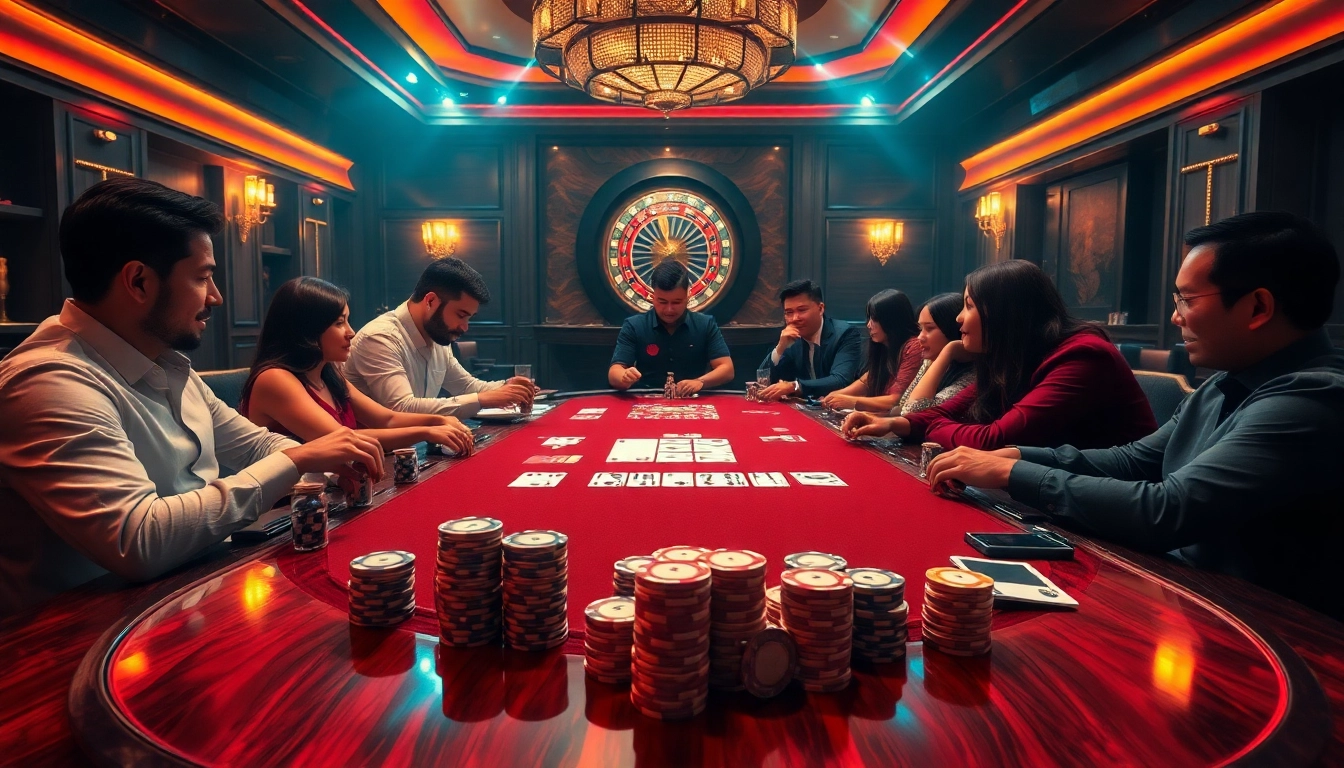 Situs bangsawan88 showcases a thrilling casino atmosphere with players enjoying high-stakes poker.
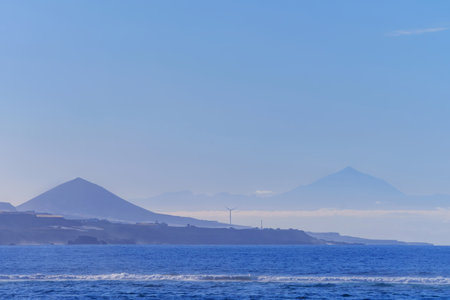 View on Teide and Tenerife from Gran Canaria.の写真素材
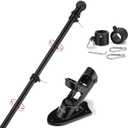 Yeesun Flag Pole,6FT American Flag Pole & Bracket-Flagpoles for 3 x 5 Flags Holder for House Porch & Outdoor,Tangle Free and Wall Mount Flag Pole Kit (Without Flag, Black)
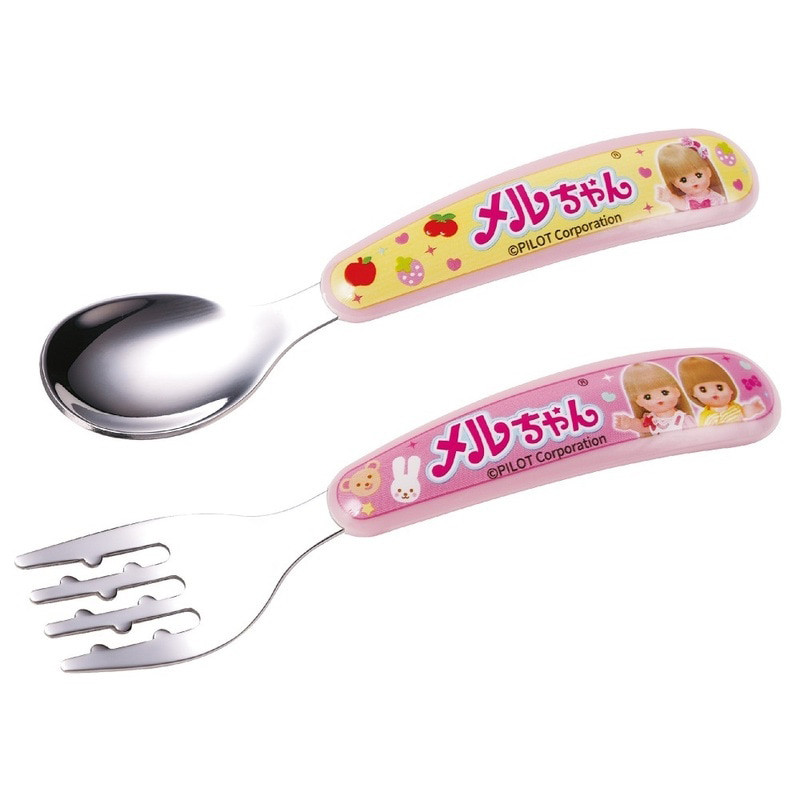 [발주상품 2~4 영업일 후 발송예정] 스케이터 메루짱 캐릭터 스테인리스 베이비 스푼 포크 세트 SFBS1 - 주방·식기 - 하카타몰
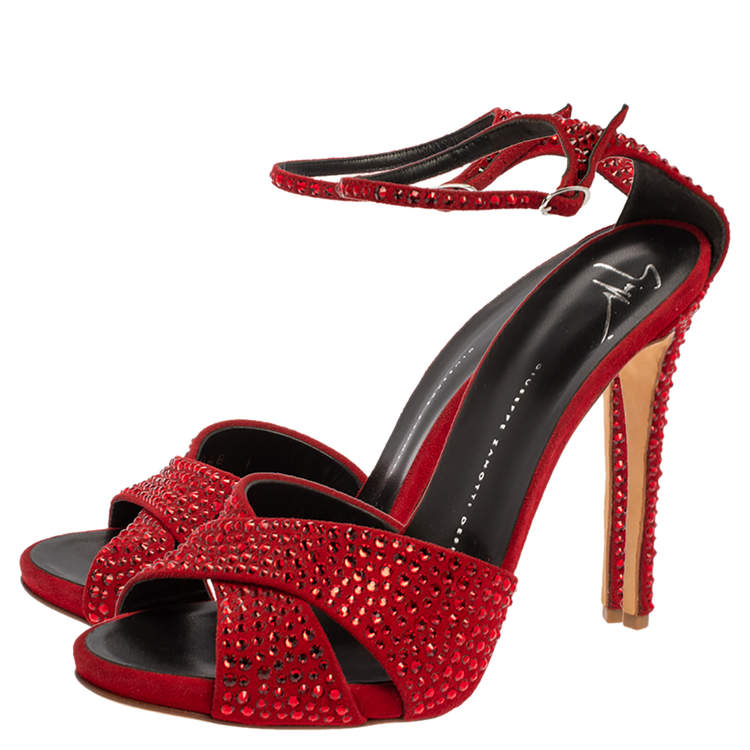 Pre Owned Giuseppe Zanotti Red Suede Crystal Embellished Ankle Strap Sandals Size 39.5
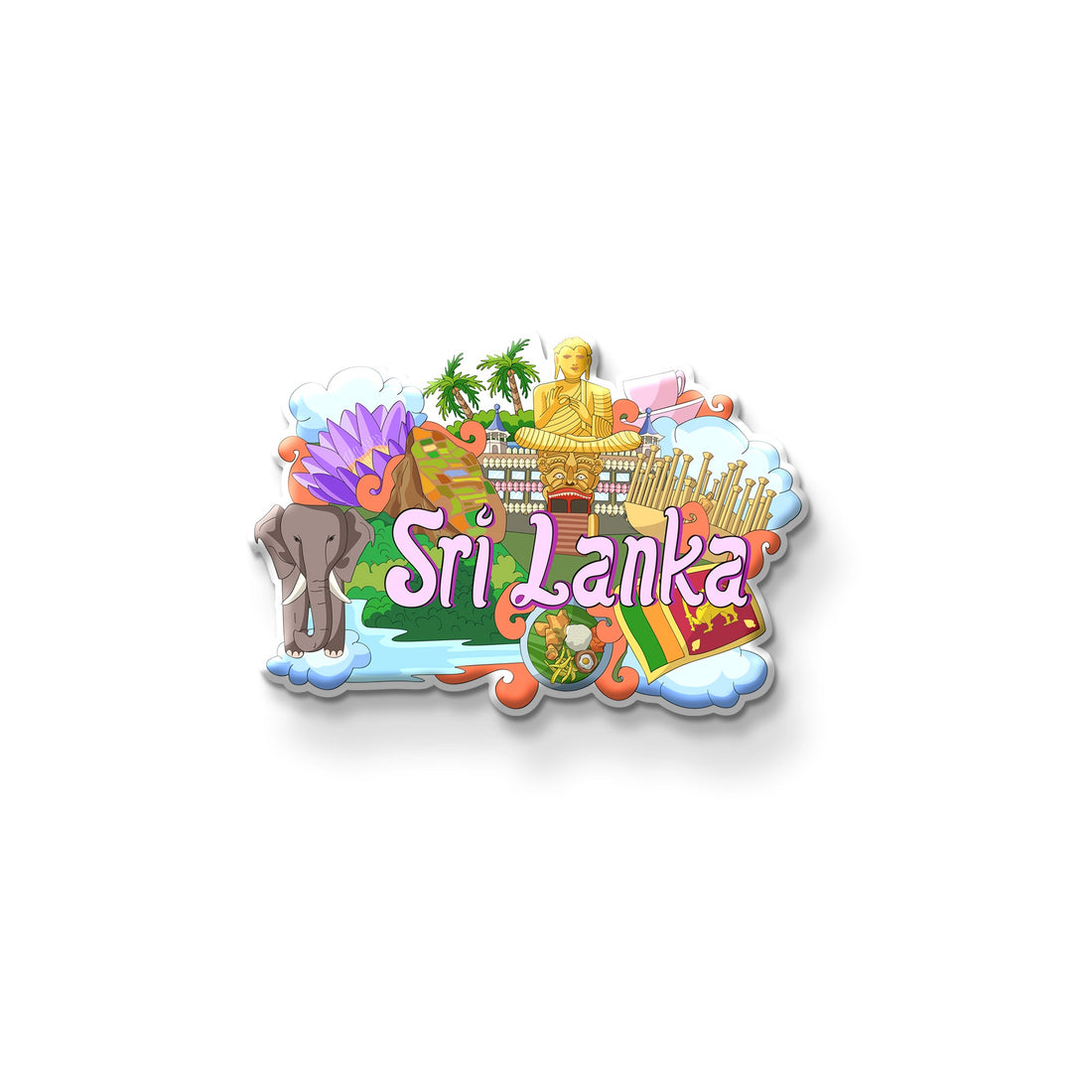 Fridge magnet with Sri Lanka-themed design featuring an elephant, Buddha statue, and traditional architecture on a metallic surface.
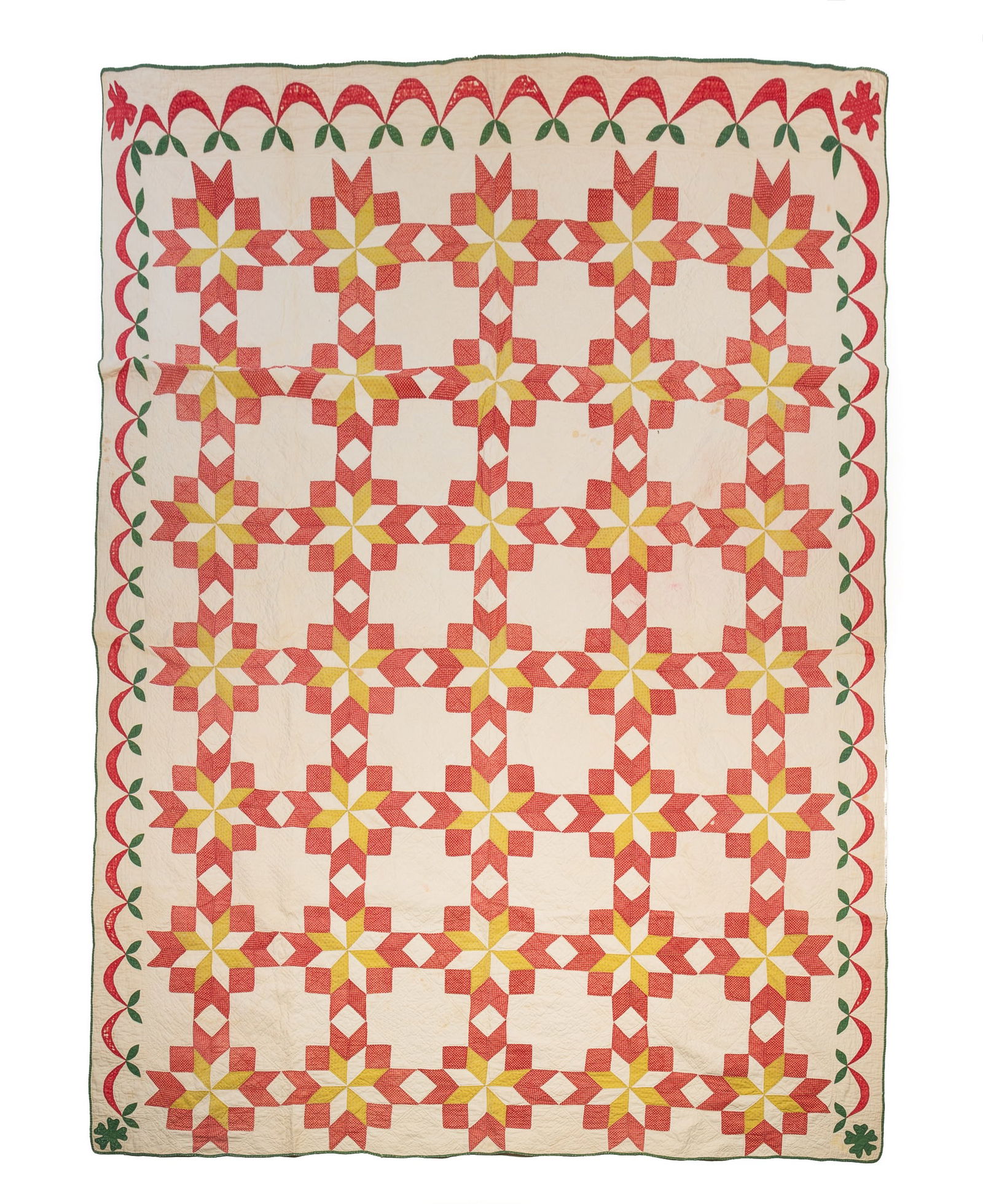 AMERICAN COTTON PIECEWORK QUILT WITH APPLIQUE BORDER. (1 of 3)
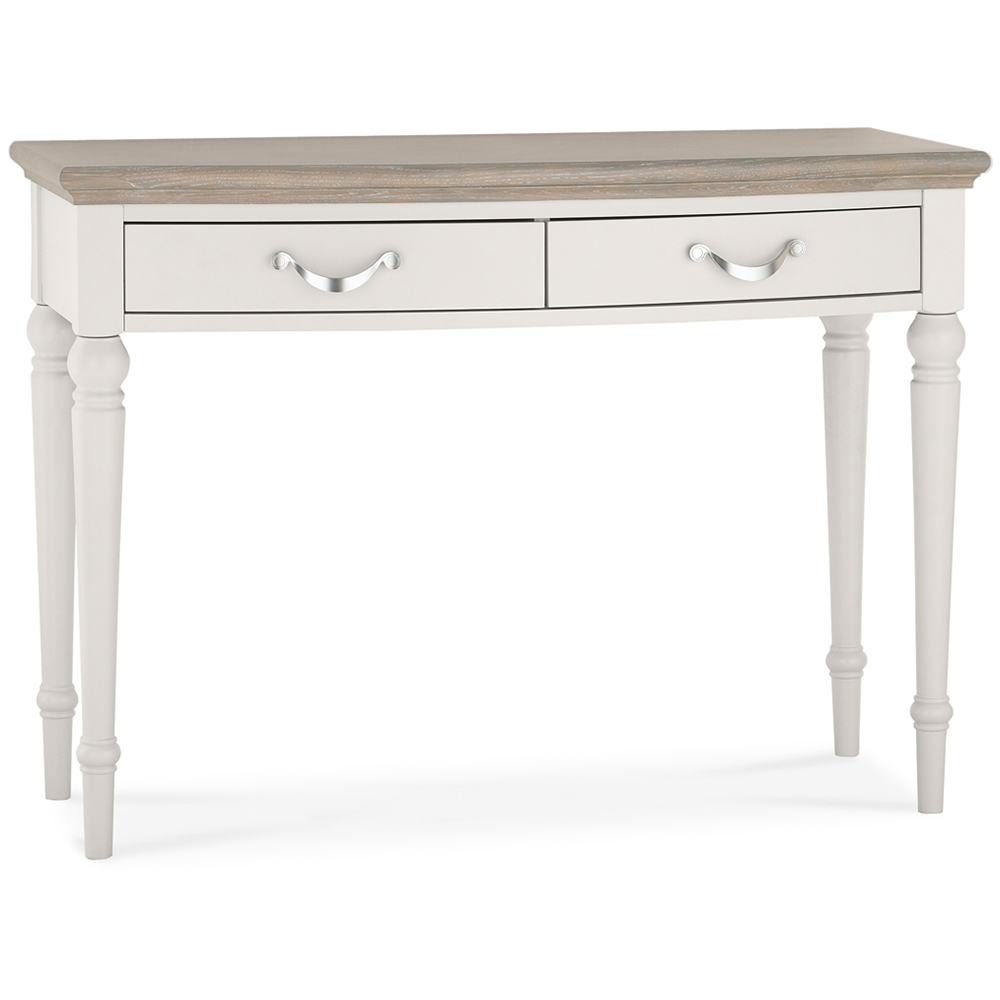 Bentley Designs Montreux 2 Drawer Grey Washed Oak and Soft Grey Dressing Table Image 2
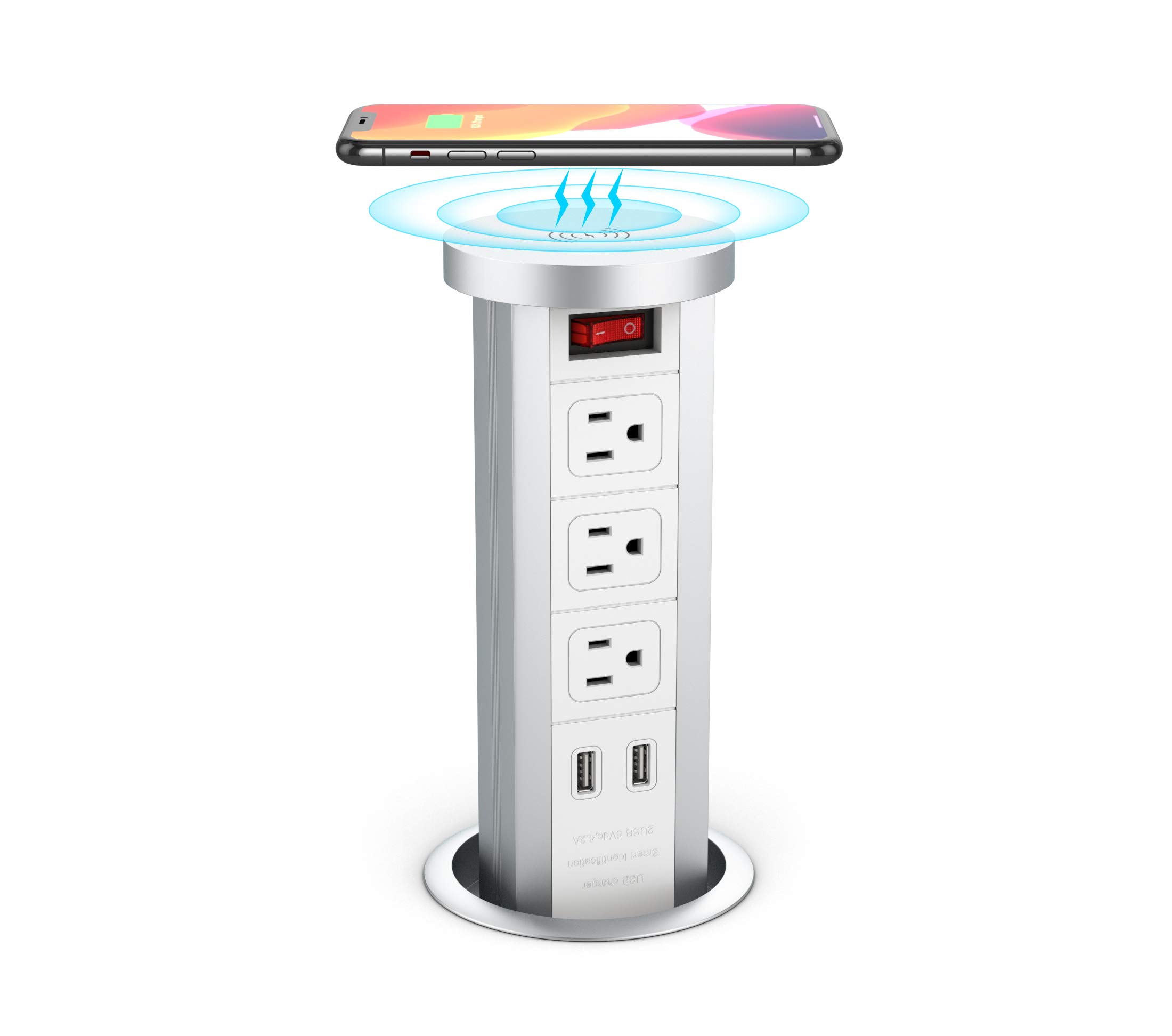 BTU Automatic Pop-Up Outlet with Surge Protection - 3 AC Outlets & 2 USB Ports (4.2A Fast Charge) + 10W Wireless Charger - Retractable Recessed Power Strip for Kitchen Countertops & Islands - Perfect for Small Appliances, Phone Charging & Clutter-Free Workspaces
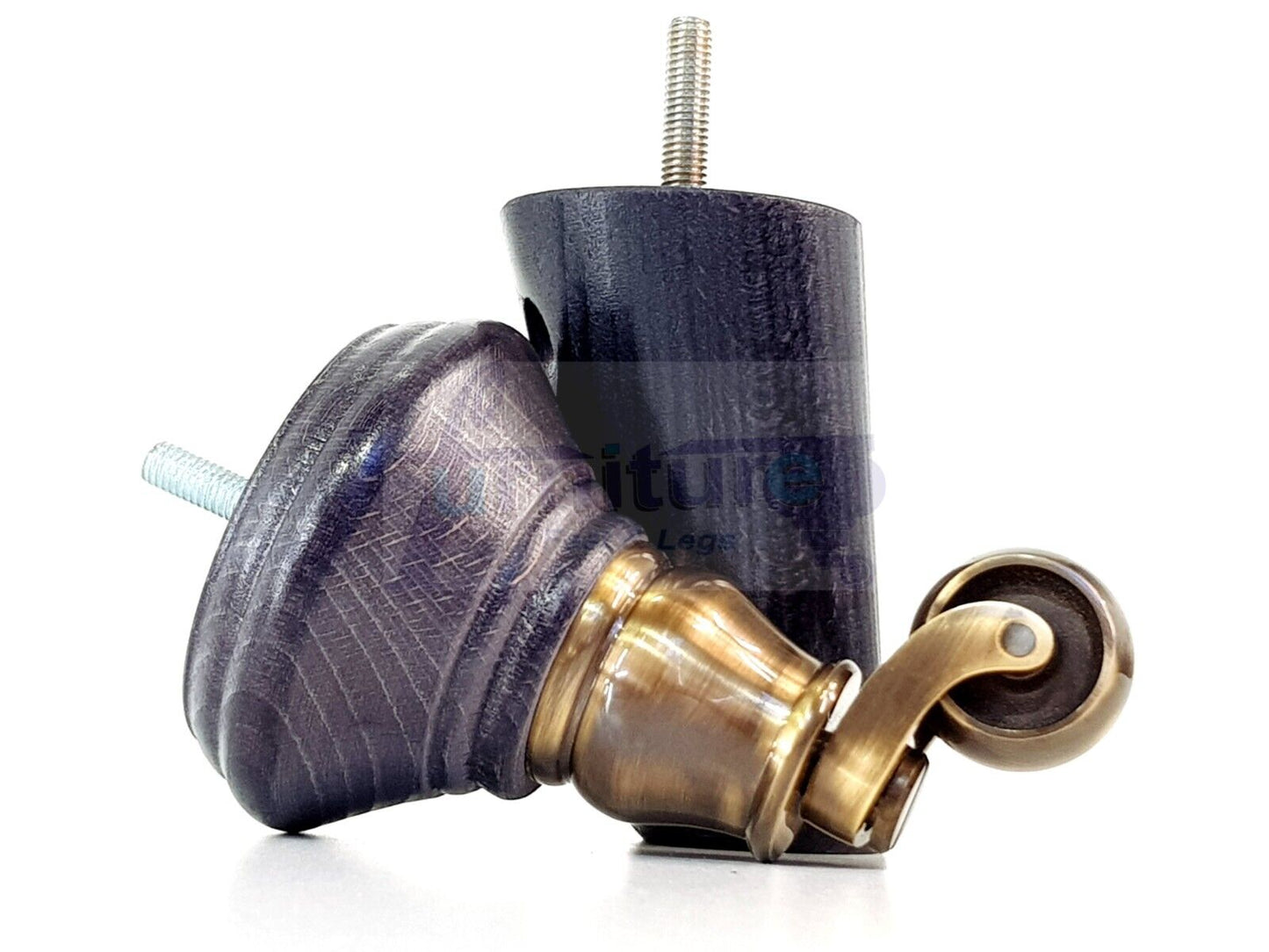 2 Black Stain Wood Furniture Sofa Legs With Castor 125mm & 2 Angled Back Feet Chair Settee 100mm High M8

Your assignment
Of the records above, print only the lines from the one containing "AMERICAN COTTON PIECEWORK" through the one containing "Bentley Designs Montreux", inclusive and unaltered, leaving out pictures.

Answer for this exercise
 AMERICAN COTTON PIECEWORK QUILT WITH APPLIQUE BORDER. (1 of 3)
 Bentley Designs Montreux 2 Drawer Grey Washed Oak and Soft Grey Dressing Table Image 2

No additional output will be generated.